Gal wordt geproduceerd door levercellen en langs de galcapillairen beweegt het zich in de richting van de galkanalen, die overgaan in één gemeenschappelijk galkanaal. Daarin komt gal in de twaalfvingerige darm terecht en gal stroomt van de galblaas door de cystische buis.

Sommige bestanddelen van de gal worden met uitwerpselen uit het lichaam uitgescheiden, de andere via de poortader komt terug in de lever en de derde komt in de algemene bloedsomloop en neemt deel aan verschillende fysiologische processen.

Gal bindt pepsine, activeert lipase, emulgeert vetten, onderdrukt micro-organismen die bederf en fermentatie veroorzaken en, omgekeerd, stimuleert de vitale activiteit van gunstige microflora.

Methoden voor het verkrijgen van duodenale inhoud.

Verscheidene werkwijzen zijn ontwikkeld voor het extraheren van duodenale inhoud: een drietraps duodenale klank met extraheerporties A, B, C; multi-step sondering om 5 fasen van biliaire excretie te verkrijgen; chromatische duodenale intubatie, waardoor nauwkeuriger cystische gal kan worden verkregen; gastroduodenaal klinken met behulp van een tweekanaalssonde en gelijktijdige extractie van maaginhoud.

Duodenale peiling wordt uitgevoerd met behulp van een dunne rubberen sonde met een olijf aan het einde, de sonde lengte is ongeveer 1,5 m, en de markeringen zijn elke 10 cm.

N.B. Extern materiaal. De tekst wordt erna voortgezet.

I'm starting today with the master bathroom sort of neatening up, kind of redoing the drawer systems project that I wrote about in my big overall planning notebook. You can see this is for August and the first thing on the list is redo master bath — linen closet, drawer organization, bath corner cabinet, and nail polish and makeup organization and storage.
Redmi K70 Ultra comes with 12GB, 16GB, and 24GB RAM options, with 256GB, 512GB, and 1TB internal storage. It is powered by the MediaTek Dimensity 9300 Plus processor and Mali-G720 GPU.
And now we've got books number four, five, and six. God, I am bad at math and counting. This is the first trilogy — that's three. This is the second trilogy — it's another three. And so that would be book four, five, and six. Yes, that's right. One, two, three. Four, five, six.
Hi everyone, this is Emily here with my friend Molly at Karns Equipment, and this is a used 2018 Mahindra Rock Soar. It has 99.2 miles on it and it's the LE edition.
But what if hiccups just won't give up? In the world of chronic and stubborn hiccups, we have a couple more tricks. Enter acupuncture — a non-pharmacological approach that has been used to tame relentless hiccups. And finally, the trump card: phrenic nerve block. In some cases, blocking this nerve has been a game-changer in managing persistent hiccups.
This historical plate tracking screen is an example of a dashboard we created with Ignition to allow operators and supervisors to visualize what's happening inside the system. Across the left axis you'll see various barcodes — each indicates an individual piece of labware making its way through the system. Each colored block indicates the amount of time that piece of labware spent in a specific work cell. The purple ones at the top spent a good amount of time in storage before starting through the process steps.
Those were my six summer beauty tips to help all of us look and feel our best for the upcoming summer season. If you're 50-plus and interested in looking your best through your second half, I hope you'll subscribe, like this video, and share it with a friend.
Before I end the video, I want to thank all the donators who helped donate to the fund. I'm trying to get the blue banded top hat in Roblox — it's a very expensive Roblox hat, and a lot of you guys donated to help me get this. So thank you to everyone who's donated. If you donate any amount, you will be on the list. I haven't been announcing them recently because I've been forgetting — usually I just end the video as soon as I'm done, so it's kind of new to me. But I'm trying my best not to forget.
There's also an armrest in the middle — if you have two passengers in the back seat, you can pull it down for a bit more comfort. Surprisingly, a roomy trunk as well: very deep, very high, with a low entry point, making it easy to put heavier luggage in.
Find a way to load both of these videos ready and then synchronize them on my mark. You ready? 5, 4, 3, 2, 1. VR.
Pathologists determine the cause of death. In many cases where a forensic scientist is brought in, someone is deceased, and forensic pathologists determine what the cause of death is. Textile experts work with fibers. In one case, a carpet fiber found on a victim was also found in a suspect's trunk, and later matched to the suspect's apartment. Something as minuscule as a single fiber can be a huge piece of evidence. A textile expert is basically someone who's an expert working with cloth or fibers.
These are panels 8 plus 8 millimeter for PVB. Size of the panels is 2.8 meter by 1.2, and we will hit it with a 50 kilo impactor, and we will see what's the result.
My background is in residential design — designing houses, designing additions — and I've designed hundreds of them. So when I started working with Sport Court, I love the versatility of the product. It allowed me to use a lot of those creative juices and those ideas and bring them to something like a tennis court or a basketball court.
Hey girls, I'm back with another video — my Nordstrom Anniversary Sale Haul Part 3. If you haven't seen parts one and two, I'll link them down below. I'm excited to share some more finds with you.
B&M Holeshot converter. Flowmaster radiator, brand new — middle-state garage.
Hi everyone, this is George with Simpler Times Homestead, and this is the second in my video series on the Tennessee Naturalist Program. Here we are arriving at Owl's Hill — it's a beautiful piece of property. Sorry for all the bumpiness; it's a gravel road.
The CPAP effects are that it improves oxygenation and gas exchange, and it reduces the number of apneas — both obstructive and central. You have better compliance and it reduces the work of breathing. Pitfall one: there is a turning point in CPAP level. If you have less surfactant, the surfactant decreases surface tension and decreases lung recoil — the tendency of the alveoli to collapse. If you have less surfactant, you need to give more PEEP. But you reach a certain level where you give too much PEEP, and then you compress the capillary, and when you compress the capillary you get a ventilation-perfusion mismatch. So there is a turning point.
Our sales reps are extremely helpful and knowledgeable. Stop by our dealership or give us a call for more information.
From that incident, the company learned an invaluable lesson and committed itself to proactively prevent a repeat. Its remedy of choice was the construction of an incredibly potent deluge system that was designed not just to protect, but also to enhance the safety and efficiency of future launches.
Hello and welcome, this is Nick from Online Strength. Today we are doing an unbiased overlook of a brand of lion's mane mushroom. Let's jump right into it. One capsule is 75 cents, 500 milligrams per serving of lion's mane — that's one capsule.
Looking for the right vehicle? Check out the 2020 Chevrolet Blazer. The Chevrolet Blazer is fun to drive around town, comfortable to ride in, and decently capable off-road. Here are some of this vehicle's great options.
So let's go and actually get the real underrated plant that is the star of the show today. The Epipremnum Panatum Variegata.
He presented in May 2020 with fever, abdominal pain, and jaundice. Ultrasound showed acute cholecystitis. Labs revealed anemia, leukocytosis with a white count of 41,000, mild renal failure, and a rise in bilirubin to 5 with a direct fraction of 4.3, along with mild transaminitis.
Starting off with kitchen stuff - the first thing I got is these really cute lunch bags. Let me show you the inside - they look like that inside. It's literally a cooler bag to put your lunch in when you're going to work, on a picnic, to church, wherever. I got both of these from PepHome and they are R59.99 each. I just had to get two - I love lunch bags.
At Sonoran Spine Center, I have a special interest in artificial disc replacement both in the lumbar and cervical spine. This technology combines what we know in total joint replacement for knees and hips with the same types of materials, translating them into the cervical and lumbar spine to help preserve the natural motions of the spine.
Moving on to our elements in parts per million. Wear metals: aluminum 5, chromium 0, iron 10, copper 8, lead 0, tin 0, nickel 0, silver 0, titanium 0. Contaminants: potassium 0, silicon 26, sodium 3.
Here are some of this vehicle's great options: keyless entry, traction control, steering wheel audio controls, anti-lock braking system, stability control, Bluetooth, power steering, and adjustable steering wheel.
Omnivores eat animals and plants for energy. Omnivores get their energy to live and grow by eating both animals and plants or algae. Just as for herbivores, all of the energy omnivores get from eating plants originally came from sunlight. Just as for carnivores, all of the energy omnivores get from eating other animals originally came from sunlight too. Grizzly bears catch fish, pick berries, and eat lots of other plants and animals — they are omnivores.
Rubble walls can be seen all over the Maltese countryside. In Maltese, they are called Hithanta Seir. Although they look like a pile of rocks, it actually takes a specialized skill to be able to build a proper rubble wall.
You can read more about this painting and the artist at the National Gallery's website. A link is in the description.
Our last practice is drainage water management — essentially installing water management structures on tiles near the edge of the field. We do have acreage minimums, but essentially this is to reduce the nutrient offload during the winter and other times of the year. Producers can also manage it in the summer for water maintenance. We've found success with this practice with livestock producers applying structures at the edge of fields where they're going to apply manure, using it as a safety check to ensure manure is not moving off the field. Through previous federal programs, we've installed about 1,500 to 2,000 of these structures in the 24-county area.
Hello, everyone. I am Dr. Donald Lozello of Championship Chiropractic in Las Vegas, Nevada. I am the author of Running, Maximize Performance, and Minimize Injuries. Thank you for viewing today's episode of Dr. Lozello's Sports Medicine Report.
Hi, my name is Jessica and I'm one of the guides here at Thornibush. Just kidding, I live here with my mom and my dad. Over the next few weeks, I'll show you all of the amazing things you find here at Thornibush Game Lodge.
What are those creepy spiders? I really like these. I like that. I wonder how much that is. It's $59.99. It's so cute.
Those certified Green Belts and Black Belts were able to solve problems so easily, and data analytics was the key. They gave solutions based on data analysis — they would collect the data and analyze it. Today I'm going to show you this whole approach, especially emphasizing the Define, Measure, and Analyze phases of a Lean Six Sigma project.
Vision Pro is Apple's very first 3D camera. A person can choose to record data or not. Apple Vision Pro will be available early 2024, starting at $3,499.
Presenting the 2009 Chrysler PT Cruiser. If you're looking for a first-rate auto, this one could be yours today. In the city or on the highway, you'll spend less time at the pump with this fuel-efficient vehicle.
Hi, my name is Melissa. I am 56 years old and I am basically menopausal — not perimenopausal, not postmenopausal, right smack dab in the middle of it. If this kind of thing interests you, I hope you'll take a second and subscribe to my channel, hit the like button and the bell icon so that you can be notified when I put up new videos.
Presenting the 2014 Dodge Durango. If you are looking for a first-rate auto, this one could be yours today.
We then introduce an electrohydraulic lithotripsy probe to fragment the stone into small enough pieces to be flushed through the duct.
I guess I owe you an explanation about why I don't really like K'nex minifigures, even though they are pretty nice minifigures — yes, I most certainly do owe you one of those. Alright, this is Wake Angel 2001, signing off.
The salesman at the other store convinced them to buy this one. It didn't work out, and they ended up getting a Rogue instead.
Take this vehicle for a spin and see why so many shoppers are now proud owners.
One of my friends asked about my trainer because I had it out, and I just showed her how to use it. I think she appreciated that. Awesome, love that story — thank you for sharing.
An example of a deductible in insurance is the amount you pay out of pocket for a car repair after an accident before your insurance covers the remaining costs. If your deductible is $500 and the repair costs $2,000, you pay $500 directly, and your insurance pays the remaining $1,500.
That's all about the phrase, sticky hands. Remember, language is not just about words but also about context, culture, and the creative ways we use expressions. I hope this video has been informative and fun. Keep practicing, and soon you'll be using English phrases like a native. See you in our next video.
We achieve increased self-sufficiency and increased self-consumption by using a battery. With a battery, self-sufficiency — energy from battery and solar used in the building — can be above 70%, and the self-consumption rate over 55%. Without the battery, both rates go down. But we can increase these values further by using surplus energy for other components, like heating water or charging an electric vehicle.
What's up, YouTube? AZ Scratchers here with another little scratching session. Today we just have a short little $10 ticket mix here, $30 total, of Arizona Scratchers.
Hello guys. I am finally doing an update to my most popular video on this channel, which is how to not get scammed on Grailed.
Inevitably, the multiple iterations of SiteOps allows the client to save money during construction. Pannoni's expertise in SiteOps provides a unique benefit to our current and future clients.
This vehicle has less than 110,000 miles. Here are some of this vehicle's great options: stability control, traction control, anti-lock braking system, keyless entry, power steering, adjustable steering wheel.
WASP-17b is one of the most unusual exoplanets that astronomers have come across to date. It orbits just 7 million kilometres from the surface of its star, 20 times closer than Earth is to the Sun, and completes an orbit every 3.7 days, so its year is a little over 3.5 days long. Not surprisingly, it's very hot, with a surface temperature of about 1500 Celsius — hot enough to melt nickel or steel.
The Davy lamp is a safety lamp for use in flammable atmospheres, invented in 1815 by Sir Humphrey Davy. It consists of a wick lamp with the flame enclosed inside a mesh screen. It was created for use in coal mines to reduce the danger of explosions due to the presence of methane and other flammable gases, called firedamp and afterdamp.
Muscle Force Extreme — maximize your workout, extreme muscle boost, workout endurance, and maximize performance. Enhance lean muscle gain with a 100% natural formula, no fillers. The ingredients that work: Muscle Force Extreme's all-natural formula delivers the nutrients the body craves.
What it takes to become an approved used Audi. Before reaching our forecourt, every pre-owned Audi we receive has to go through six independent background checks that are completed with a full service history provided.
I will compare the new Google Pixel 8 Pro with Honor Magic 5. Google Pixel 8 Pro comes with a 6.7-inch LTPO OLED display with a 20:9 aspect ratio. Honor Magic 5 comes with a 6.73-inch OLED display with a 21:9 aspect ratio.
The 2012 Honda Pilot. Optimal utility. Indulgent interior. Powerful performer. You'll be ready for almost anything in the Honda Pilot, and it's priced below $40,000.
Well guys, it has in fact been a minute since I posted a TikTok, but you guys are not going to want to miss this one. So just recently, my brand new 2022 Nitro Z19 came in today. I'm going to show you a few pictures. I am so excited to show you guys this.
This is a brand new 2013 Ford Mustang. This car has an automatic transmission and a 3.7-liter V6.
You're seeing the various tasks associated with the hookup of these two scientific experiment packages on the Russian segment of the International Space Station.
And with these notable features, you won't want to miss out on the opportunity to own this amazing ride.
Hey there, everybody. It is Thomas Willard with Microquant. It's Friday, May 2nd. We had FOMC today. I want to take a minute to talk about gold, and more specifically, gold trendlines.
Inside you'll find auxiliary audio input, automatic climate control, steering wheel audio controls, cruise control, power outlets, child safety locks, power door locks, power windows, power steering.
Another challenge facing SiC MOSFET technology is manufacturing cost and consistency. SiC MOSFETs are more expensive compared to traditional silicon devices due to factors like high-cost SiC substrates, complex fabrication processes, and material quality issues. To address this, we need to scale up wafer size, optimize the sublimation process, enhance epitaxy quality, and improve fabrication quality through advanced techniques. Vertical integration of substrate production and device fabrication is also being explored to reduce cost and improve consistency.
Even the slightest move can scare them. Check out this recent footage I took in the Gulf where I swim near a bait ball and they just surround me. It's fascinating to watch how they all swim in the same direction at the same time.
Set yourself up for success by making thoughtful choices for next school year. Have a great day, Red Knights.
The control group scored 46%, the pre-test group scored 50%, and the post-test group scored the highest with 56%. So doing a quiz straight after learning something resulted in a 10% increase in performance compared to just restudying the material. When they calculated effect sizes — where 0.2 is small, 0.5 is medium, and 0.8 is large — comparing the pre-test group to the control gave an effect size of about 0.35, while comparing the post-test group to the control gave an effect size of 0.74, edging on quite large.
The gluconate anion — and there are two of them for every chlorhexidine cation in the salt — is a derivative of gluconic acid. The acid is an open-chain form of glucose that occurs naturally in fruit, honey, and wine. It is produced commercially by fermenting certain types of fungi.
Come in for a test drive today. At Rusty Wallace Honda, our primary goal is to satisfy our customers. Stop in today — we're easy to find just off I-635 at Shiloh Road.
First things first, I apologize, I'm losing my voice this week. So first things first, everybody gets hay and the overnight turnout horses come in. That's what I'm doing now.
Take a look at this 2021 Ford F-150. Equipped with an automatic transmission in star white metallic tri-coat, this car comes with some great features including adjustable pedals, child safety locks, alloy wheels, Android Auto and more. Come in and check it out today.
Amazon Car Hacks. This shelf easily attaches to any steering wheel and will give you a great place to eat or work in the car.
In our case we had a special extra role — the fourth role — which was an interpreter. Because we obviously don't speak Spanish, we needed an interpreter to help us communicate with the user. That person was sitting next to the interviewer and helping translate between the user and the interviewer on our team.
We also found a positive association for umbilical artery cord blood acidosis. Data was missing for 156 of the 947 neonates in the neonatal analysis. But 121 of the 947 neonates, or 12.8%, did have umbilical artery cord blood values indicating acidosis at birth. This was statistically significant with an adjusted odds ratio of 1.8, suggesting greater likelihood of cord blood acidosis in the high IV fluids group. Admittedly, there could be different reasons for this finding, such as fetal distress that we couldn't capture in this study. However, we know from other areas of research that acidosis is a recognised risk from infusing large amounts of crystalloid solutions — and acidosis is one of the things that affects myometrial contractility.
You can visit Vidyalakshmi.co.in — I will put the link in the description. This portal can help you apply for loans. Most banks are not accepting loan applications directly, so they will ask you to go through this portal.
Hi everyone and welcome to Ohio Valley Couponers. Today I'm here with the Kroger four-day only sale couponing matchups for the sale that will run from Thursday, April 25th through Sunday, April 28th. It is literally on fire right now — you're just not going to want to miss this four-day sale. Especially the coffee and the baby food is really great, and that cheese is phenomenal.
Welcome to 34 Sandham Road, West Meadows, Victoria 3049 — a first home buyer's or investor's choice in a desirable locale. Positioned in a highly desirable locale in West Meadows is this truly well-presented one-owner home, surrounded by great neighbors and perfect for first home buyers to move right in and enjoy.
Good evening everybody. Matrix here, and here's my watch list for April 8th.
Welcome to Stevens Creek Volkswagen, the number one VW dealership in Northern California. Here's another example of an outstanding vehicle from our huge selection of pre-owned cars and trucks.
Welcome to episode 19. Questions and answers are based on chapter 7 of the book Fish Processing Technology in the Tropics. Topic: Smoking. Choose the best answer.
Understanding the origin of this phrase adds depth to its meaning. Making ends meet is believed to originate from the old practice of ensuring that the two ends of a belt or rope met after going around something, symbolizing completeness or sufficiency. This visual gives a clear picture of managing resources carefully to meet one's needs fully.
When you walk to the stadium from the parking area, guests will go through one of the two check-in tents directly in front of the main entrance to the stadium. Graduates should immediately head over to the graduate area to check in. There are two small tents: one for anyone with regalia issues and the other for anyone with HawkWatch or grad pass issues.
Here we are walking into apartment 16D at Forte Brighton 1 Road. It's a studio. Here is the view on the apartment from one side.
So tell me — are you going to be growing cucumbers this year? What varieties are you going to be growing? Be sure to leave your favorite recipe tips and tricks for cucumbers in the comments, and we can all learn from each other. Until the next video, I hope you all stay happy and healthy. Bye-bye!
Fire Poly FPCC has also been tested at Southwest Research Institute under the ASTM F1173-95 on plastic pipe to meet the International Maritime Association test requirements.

De sonde wordt 's ochtends op een lege maag ingebracht, in een zittende houding tot een hoogte van 0,45-0,5 m. Vervolgens wordt de patiënt op een bank gelegd zonder een kussen aan de rechterkant, met een roller onder de taille, zodat het onderste deel van het lichaam wordt opgetild.

Wanneer de sonde het merkteken heeft bereikt van 0,8-0,9 m. Het vrije uiteinde van de sonde wordt neergelaten in een van de reageerbuizen van het statief onder het hoofd van de patiënt.

De 1e portie komt op zichzelf uit - dit is de portie "A" - de inhoud van de twaalfvingerige darm. Het is een mengsel van gal, secreties van de alvleesklier, twaalfvingerige darm en een kleine hoeveelheid maagsap. Gedeelte "A" wordt binnen 10-20 minuten verzameld.

Het 2e deel van "B" wordt 5-25 minuten na de introductie van een warme cholagogue door de sonde verzameld, waardoor de galblaas krimpt en leeg raakt (magnesiumsulfaat, pepton, sorbitol, olijfolie) - dit is galblaas gal.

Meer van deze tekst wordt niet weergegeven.